No podía cancelar la boda por sí mismo, así que… ¿contrató a alguien para manipularme? La cobardía era casi risible.

Caminé sin rumbo el resto del día, pensando en Cameron, en la boda, en todo.

Para cuando llegué a casa, ya había tomado una decisión.

Aquella noche, puse la mesa para cenar como si nada hubiera pasado. Cociné su platillo favorito: pollo asado con papas al romero. Me aseguré de que todo estuviera perfecto.

Cuando Cameron entró, noté que estaba inquieto. Tal vez la culpa lo carcomía.
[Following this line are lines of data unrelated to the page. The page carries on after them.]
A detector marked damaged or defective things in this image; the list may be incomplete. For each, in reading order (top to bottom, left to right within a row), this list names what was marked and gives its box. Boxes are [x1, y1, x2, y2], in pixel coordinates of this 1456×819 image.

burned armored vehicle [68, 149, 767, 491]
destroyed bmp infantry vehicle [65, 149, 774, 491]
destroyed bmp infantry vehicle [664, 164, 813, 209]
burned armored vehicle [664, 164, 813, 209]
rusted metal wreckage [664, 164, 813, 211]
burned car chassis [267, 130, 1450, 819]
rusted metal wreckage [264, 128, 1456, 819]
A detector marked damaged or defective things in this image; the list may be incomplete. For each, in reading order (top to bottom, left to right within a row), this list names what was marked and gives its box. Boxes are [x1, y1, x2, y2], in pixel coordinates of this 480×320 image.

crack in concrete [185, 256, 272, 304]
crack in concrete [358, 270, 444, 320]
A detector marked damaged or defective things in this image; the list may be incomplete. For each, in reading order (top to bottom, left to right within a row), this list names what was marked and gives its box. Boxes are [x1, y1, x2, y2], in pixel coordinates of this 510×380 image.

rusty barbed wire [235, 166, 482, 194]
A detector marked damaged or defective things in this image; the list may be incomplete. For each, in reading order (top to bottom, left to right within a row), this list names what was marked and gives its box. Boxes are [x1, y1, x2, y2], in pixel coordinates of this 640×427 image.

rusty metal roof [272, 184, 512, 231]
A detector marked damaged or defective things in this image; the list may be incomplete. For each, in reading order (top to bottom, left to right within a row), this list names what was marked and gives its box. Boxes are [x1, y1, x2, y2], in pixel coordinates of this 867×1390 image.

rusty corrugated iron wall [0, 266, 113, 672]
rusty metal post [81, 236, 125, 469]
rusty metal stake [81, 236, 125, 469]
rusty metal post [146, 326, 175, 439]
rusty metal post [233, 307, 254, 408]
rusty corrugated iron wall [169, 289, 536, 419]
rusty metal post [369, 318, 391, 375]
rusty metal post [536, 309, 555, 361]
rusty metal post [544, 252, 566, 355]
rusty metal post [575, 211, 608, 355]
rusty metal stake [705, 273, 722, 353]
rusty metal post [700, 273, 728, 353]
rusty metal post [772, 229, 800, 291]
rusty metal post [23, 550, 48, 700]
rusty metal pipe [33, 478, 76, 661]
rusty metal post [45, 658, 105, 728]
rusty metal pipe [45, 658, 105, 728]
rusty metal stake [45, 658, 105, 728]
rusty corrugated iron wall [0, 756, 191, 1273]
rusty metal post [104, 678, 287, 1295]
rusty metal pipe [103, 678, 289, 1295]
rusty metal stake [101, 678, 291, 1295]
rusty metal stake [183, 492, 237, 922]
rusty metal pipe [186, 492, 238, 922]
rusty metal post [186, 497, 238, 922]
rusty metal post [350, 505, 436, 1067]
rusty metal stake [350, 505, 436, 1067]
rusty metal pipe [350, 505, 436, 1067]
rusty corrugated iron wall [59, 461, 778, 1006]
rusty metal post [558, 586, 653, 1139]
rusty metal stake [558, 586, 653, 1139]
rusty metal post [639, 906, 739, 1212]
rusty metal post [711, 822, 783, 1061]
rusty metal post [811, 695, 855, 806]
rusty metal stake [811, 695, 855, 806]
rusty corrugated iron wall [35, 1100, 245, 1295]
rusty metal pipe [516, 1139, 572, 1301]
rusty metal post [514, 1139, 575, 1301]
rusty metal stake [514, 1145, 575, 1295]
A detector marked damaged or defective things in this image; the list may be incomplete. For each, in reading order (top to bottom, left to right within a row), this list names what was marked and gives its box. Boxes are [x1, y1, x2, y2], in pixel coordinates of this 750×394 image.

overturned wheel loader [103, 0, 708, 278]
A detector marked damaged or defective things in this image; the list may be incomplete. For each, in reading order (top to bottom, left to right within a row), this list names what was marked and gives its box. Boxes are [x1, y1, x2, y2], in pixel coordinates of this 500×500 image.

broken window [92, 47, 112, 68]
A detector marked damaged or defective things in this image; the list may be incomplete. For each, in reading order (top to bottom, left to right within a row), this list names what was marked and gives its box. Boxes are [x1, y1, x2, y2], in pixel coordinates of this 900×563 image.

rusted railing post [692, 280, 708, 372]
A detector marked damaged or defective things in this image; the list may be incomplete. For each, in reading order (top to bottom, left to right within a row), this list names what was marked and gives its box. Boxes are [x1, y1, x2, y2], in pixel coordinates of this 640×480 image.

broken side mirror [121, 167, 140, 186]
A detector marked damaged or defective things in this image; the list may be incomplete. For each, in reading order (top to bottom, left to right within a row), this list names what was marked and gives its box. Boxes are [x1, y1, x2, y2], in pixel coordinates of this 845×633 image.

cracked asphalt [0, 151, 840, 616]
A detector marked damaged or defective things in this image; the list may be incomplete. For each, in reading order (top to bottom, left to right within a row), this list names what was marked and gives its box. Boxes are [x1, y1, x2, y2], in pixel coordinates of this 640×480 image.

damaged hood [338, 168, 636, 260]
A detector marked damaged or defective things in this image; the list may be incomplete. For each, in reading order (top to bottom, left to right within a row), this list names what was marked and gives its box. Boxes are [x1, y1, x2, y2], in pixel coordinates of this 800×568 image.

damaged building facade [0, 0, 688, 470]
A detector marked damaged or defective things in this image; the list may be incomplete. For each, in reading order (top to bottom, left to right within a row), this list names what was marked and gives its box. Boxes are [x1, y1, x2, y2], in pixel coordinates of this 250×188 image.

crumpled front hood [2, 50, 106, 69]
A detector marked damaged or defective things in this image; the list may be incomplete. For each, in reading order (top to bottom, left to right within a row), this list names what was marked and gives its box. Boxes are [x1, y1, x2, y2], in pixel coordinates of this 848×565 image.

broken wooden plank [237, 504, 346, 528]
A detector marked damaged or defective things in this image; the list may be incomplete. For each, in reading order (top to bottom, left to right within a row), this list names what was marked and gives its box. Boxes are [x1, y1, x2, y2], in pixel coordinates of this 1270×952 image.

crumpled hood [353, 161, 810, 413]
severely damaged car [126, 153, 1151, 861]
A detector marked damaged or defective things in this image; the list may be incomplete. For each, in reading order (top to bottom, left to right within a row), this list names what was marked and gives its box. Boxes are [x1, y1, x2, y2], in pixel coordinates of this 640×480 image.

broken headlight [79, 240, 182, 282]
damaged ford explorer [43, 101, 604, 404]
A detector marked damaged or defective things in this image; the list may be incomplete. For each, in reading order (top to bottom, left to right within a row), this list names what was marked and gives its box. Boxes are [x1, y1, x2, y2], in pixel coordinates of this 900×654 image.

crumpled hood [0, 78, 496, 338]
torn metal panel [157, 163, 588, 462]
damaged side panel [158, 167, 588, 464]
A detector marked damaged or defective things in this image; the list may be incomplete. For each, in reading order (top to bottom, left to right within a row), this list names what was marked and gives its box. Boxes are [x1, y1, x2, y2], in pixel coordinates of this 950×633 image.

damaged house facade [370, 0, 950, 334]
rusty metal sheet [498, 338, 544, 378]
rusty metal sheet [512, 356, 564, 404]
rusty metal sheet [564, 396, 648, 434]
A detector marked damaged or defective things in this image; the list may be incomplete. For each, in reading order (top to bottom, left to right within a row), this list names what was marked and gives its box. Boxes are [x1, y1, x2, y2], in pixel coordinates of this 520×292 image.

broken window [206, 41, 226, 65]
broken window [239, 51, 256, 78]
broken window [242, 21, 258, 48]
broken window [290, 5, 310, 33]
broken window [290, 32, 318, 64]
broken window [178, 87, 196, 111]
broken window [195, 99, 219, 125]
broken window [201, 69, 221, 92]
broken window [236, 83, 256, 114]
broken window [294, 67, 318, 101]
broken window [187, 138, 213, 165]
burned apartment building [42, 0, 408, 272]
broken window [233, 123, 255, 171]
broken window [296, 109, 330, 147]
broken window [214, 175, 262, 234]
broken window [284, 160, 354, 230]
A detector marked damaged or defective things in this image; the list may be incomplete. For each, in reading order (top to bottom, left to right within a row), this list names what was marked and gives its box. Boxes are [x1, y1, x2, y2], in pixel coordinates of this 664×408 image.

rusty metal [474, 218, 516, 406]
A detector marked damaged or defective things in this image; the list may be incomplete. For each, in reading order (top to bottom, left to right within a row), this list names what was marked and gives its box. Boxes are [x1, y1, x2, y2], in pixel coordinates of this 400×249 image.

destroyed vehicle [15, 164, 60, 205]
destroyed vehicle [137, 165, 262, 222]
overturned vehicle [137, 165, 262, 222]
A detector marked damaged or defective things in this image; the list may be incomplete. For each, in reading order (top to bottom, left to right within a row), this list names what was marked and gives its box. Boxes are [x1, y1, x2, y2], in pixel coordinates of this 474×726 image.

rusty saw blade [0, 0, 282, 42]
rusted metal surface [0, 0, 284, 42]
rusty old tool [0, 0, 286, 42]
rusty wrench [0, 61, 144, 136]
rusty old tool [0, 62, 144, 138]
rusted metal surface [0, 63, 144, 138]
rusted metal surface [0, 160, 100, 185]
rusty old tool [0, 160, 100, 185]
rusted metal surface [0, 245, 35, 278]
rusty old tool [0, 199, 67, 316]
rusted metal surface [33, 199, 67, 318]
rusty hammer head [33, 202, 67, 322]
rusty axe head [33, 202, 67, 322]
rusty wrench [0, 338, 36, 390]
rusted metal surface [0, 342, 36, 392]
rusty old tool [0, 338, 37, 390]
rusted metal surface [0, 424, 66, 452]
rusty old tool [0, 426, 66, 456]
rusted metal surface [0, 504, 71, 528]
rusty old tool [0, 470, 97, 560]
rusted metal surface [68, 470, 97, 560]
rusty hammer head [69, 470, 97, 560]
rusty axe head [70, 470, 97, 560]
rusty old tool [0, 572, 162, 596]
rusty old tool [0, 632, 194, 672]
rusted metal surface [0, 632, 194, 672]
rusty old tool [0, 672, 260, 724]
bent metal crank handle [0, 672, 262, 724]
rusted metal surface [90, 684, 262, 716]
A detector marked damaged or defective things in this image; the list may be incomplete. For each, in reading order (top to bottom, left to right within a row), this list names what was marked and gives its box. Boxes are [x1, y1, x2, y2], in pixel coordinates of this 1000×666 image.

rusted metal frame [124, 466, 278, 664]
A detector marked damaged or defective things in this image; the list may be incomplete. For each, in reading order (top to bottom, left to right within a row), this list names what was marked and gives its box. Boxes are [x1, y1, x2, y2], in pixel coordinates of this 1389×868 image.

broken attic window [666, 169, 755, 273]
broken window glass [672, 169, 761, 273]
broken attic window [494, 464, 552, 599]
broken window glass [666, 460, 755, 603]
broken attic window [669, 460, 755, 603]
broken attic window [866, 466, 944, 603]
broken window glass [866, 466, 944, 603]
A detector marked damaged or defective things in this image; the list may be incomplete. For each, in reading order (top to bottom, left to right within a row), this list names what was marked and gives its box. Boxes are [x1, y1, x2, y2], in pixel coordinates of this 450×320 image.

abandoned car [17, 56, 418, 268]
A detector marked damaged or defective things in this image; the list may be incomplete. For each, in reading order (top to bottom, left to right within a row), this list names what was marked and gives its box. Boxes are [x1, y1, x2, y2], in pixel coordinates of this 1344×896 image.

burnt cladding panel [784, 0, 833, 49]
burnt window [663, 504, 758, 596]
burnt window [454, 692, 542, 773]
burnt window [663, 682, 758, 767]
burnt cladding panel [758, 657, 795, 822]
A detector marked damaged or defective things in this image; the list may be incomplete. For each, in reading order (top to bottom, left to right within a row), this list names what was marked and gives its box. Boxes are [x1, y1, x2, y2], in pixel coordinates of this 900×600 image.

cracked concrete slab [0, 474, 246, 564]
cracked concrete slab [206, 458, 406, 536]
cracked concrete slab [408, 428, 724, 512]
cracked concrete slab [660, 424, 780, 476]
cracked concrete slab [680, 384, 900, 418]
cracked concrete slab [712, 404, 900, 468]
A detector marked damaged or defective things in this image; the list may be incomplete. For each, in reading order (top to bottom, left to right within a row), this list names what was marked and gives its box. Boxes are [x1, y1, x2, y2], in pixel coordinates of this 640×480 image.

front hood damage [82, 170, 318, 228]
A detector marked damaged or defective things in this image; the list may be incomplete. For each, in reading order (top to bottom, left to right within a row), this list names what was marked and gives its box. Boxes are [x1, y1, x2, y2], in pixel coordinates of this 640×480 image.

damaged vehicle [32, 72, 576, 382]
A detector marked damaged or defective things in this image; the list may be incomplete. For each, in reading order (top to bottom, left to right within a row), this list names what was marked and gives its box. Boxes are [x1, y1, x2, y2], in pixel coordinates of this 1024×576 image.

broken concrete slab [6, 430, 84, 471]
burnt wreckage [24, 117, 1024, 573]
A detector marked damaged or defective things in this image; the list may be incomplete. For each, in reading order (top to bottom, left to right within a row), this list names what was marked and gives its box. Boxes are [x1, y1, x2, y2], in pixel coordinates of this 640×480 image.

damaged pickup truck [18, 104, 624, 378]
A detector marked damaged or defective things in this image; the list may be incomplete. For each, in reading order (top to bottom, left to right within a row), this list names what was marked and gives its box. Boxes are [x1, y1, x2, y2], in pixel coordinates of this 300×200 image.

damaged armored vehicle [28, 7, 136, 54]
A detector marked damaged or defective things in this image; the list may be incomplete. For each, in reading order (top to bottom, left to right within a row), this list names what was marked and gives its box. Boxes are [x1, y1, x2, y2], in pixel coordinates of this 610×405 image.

—¡Hola, amor! —saludó, besándome en la mejilla—. Algo huele delicioso.

—Justo lo que te gusta —sonreí, colocando los platos sobre la mesa—. Pensé que podríamos tener una noche agradable.

Él sonrió y comenzamos a comer en silencio.

Esperé. Lo observé con calma.

Y cuando el momento fue perfecto, empecé la conversación.

—No vas a creer lo que me pasó hoy.

Cameron levantó la mirada.

—¿Qué pasó?

—Estaba en el supermercado con Esther —dije casualmente— y una mujer se me acercó. Me tomó la mano.

Vi cómo su rostro se tensaba.

—¿Ah, sí? ¿Y qué quería?

Me encogí de hombros.

—Me habló de unas cicatrices en mis piernas. Extraño, ¿no?

Cameron tragó saliva.

—Qué raro…

—También mencionó nuestra boda —continué—. Dijo cosas interesantes sobre ella.

Su mano tembló ligeramente.

—¿Qué… qué dijo?

Sonreí.

—Que serías un hombre de éxito y que tendríamos un matrimonio feliz.

Cameron se atragantó. Justo a tiempo.

Se atragantó con su comida y se quedó sin palabras.

—¿Inesperado? —dije, inclinándome hacia él—. ¿La parte de la boda feliz o el hecho de que hayas sido tan cobarde como para contratar a alguien para romper conmigo?

Su rostro se volvió blanco.

—Yo…

Me levanté lentamente.

—Yo misma cancelaré la boda.

Di media vuelta y salí.

Se acabó el juego, Cameron. Se acabó el juego.